Mountains affect air flow, vertically and horizontally; moisture in air causes condensation, thus snow, rain, hail, etc; temperature differences create pressure differences, and those pressure differences drive winds; ocean currents affect weather patterns; Earth’s rotation has an affect on pressures and winds, something known as the Coriolis Effect. Nothing super fancy there, and when you stop and think about them they make sense.
I don’t think it unfair to say most everyone has heard of El Niño or El Niña. Here’s some info from NOAA’s site (the National Oceanographic and Atmospheric Administration):
El Niño is characterized by unusually warm ocean temperatures in the Equatorial Pacific, as opposed to La Niña, which characterized by unusually cold ocean temperatures in the Equatorial Pacific.

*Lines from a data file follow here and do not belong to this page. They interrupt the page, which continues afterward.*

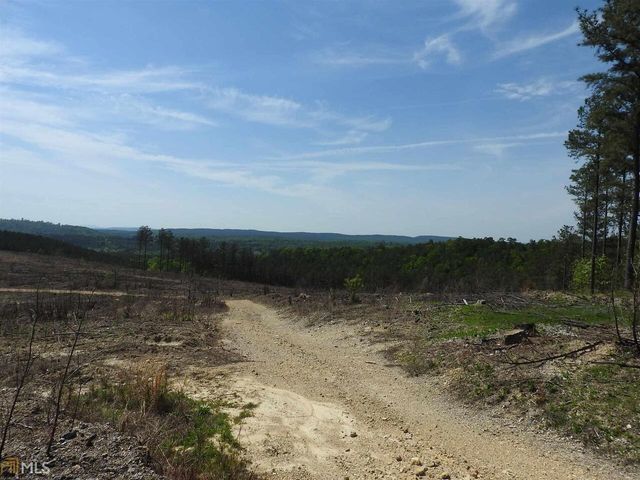 0 Griffin Road 5007-PARCEL 2, Cartersville, GA 30120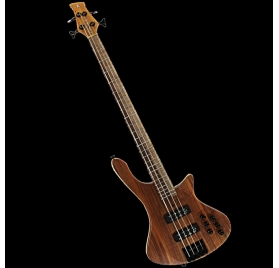 clark bass guitar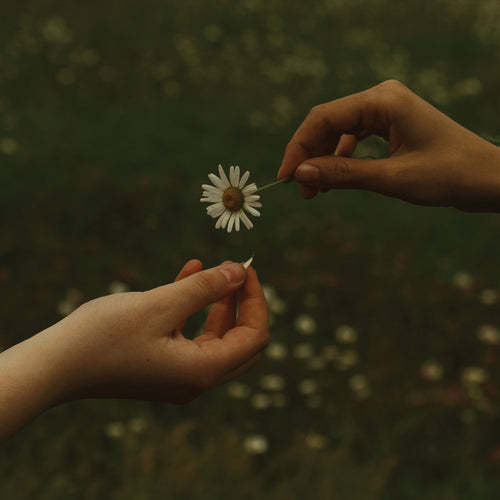 Goldmund - The Time It Takes limited edition vinyl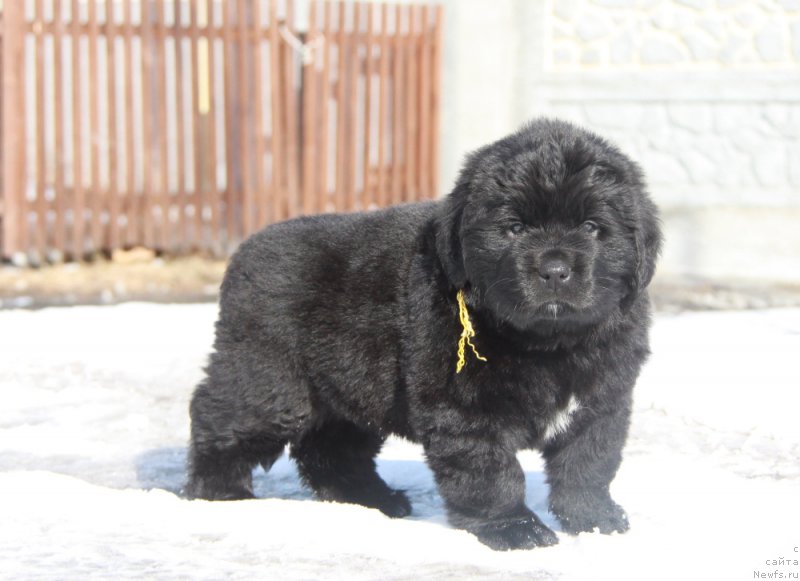 Фото: АС Пэрфект Бэлла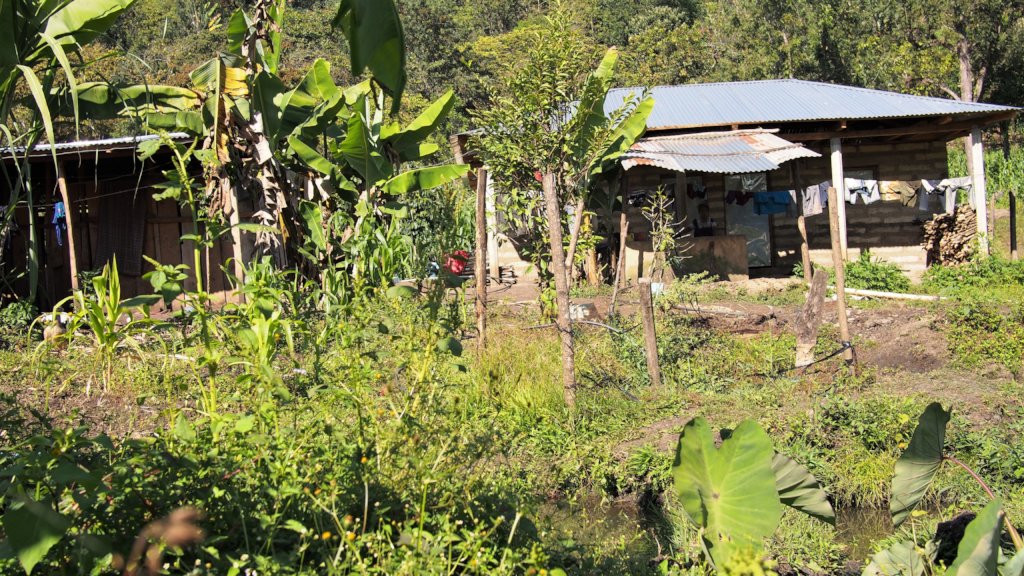 Planting the seeds of a better future in Guatemala
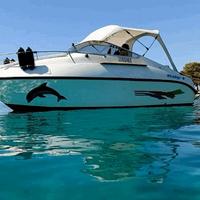 Barca cabinata -motore-carrello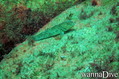 foto de buceo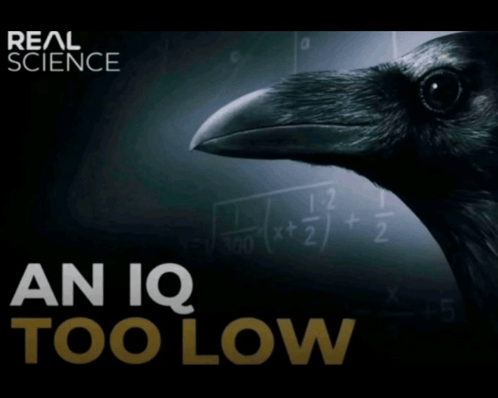 An Iq Too Low Meme - An iq too low - Discover & Share GIFs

El Niño is an oscillation (think of water in the bath tub when it sloshes back and forth) of the ocean-atmosphere system in the tropical Pacific having important consequences for weather around the globe.
Among these consequences are increased rainfall across the southern tier of the US and in Peru, which has caused destructive flooding, and drought in the West Pacific, sometimes associated with devastating brush fires in Australia.
You get the point. These two anomalies of our planet’s weather system can wreak havoc.
I would also bet that most people (before today I probably would have said “all” people) know that it is called El Niño. As it turns out, not so.
This little story doesn’t come from some bygone generation, so the excuse of “modern technological advances” can’t be used. This happened back in December 1997. This story is taken from the book Freaks of the Storms by Randy Cerveny. The story was reported by a reporter named Buck Wolf for an ABC News affiliate in California.
There was a 74-year-old “retired Nay seaman with the unfortunate name Al Nino. During the 1997 wet El Niño winter many people called Nino’s home, apparently holding him personally responsible for the rainy weather.
I know. I know. It sounds incredibly made up. Nobody’s that stupid, right? Sadly, this is a true story. Yes, there’s more.
Nino said that he tried to be polite to the callers but that he really didn’t understand why people would think the much maligned weather phenomenon would have its own telephone number. (Touchè, Al!) Nino’s strangest phone call was from a man who held Nino responsible for his daughters’s loss of virginity, because she was unable to get home one night after a major rainstorm. “I said I was sorry, although I assured him I didn’t have anything to do with it.”
Wow. I’m at a loss for words.
How do people of that particular strain of stupidity actually get through life? It’s a damn good thing the brain stem controls involuntary functions, like, oh, breathing. What amazes me more is these same morons figured out how to use a telephone. We can put people into earth orbit upon a space station but we can’t convince our own species that intelligence is in it’s best interest. As I have pointed out before we often reward stupidity, hell, we celebrate it!
Albert Einstein said it best: “Only two things are infinite, the universe and human stupidity, and I’m not sure about the former.” You can bet your last breath the latter is true.